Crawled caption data
────────────────

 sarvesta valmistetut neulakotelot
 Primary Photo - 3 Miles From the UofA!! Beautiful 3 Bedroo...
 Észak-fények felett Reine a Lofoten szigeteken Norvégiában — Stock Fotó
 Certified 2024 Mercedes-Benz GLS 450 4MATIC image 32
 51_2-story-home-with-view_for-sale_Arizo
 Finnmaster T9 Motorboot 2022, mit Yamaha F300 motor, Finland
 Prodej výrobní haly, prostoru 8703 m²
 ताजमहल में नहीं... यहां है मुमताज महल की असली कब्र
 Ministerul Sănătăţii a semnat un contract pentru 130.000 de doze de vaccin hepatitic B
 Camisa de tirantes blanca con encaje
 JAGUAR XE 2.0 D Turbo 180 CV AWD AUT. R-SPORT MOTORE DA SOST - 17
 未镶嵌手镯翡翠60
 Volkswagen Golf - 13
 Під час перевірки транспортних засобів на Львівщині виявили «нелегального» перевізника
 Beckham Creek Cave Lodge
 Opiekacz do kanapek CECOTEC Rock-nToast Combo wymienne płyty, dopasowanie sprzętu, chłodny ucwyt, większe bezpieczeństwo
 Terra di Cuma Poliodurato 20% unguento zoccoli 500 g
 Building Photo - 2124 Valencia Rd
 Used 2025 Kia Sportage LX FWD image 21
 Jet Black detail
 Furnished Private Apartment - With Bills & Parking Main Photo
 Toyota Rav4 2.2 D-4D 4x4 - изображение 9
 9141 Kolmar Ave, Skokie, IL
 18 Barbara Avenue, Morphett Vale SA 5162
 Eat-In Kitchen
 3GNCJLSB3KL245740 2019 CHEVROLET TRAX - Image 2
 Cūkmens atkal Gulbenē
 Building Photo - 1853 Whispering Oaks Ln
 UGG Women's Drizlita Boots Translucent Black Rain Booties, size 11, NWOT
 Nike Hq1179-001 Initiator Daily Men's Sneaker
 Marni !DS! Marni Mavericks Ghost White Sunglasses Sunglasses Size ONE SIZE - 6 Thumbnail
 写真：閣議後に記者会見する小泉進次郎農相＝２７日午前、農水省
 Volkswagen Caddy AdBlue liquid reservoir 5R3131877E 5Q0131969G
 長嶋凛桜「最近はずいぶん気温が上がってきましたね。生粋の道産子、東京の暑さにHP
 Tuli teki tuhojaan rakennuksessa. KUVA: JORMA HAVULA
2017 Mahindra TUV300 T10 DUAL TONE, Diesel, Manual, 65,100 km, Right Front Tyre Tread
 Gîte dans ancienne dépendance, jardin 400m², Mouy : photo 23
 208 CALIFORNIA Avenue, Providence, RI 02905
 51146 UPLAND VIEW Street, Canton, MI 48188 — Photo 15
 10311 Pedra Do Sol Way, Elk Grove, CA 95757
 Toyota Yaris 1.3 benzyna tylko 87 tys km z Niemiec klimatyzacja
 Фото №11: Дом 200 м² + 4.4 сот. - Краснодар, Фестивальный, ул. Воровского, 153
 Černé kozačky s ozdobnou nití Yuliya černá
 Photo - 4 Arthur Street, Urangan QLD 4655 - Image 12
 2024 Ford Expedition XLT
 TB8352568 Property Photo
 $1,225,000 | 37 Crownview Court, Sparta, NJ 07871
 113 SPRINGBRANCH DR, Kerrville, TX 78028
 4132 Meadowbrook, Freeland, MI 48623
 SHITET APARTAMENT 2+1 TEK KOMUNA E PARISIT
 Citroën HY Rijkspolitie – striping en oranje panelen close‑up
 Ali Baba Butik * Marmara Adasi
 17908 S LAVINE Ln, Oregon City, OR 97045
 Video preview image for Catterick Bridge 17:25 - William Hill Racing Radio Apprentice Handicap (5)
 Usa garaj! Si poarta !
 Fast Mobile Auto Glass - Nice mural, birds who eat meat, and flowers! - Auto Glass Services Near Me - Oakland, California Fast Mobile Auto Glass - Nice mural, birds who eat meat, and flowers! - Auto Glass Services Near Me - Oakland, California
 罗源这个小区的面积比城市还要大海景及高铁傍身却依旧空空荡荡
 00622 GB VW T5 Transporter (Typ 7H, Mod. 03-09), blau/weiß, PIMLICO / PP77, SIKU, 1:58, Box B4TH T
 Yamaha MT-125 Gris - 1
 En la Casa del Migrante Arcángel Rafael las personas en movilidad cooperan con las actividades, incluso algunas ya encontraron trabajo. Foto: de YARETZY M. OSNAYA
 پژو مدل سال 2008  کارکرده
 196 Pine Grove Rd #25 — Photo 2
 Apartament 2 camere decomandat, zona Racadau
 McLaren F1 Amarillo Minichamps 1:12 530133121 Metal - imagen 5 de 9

────────────────

EXERCISE REQUIREMENTS → All lines from the one with "Oakland, California Fast" through the end of the data must be repeated exactly, and nothing else may be repeated.

EXERCISE RESULT →
 Fast Mobile Auto Glass - Nice mural, birds who eat meat, and flowers! - Auto Glass Services Near Me - Oakland, California Fast Mobile Auto Glass - Nice mural, birds who eat meat, and flowers! - Auto Glass Services Near Me - Oakland, California
 罗源这个小区的面积比城市还要大海景及高铁傍身却依旧空空荡荡
 00622 GB VW T5 Transporter (Typ 7H, Mod. 03-09), blau/weiß, PIMLICO / PP77, SIKU, 1:58, Box B4TH T
 Yamaha MT-125 Gris - 1
 En la Casa del Migrante Arcángel Rafael las personas en movilidad cooperan con las actividades, incluso algunas ya encontraron trabajo. Foto: de YARETZY M. OSNAYA
 پژو مدل سال 2008  کارکرده
 196 Pine Grove Rd #25 — Photo 2
 Apartament 2 camere decomandat, zona Racadau
 McLaren F1 Amarillo Minichamps 1:12 530133121 Metal - imagen 5 de 9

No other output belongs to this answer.